これでPHPのクライアントライブラリの用意ができたので、早速サンプルプログラムを作って画像データを取得してみます。

サンプルPHPプログラム

インストールしたGoogle API ClientのPHP版ライブラリを使い、キーワードで画像検索をするPHPサンプルプログラムはこんな感じです。

//オートロード
include_once __DIR__ . '/../vendor/autoload.php';

$API_KEY = "APIキー";
$cx = "検索エンジンID";

$client = new Google\Client();
$client->setApplicationName("AppName");
$client->setDeveloperKey($API_KEY);
$service = new Google\Service\CustomSearchAPI($client);

$param = array(
    'q'                     =>   '猫',
    'searchType'     => 'image',
    'cx'                    => $cx,
    'num'                => '10',
);

$results = $service->cse->listCse($param);

print_r($results);

$resultsにキーワード「猫」に関するJSONデータが入っていると思います。JSONの[thumbnailLink]あたりに画像データが入っていると思うので、あとはJSONデータをパースして抜き出せば画像データを取得することができます。

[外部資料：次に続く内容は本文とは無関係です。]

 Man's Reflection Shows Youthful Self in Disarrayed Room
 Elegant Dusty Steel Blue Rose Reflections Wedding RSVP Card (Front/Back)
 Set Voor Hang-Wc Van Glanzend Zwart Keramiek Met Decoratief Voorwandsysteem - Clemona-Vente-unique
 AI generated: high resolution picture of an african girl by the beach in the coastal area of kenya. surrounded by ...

Custom Search APIのレスポンスデータ
Custom Search APIのレスポンスデータ

おわりに

GoogleのCustom Search APIは日に100件までは無料で利用できるようです。GoogleのAPIなので、レスポンスも安定性も全く問題なしなので、うまく使えば色々活用できると思います。是非お試しください。

今回使ったPHP用のGoogle APIクライアントライブラリ(ベータ版)ですが、ドキュメントが追い付いてないと思うので、細かい使い方とかは実際にライブラリのコードを眺めた方が早いかもしれないです。

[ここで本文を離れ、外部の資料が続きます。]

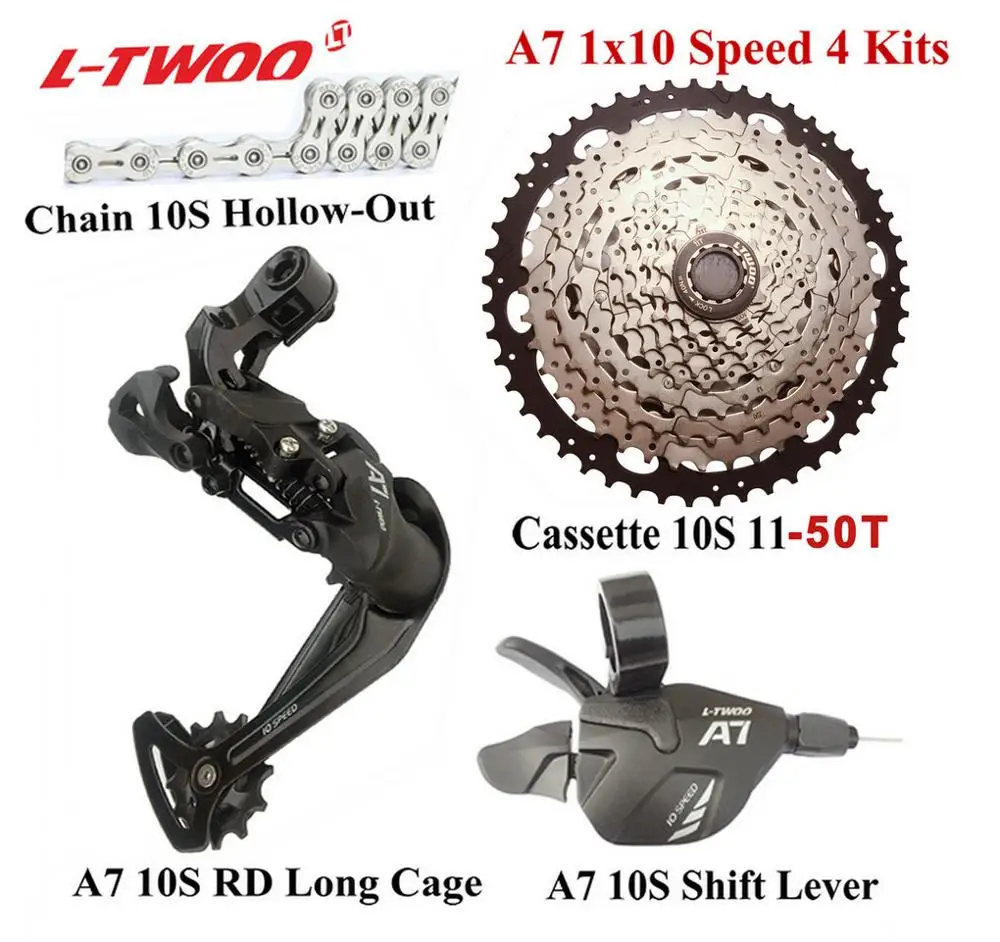 Set 11-50T LTWOO велосипед A7 1x10-Speed Groupset рычаг переключения передач+ задний переключатель+ цепь+ кассета 11-42 T, 11-46 T, GX, NX, X7, X9 совместимый - Цвет: Set 11-50T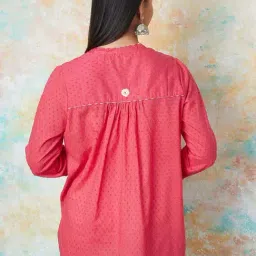 Melange By Lifestyle Pink Cotton Regular Fit Self Pattern Tunic image 2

listCse()の引数の作りが旧バージョンと変わっているので、他ブログの旧バージョン向けのサンプルコードだとarray_merge()に怒られるかもしれないです。少しハマってしまってました。

public function listCse($optParams = [])
  {
    $params = [];
    $params = array_merge($params, $optParams);
    return $this->call('list', [$params], Search::class);
  }

メソッドに設定するパラメータ仕様なども、ソースのコメントにビッシリ書いてあるので、そちらを先に読むことをオススメします。